▼

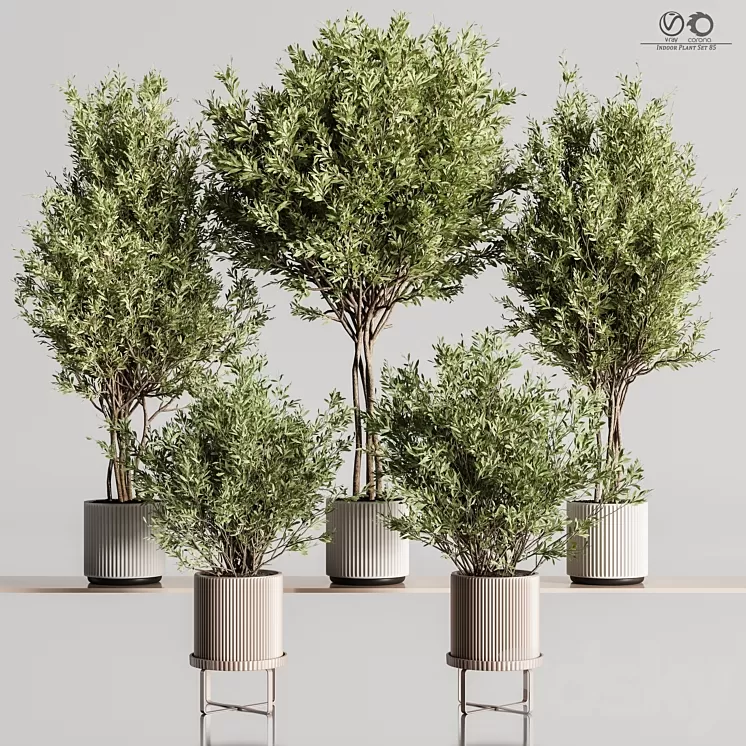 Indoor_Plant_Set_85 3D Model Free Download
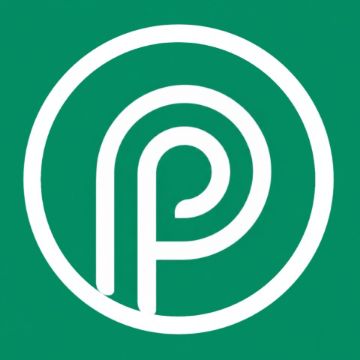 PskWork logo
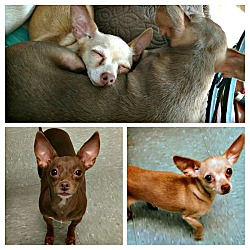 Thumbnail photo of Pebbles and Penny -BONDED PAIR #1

▲

**Exercise prompt**
Any images must be left out; transcribe the rest of the material exactly.

**Solution to this problem**
 Indoor_Plant_Set_85 3D Model Free Download
 PskWork logo
 Thumbnail photo of Pebbles and Penny -BONDED PAIR #1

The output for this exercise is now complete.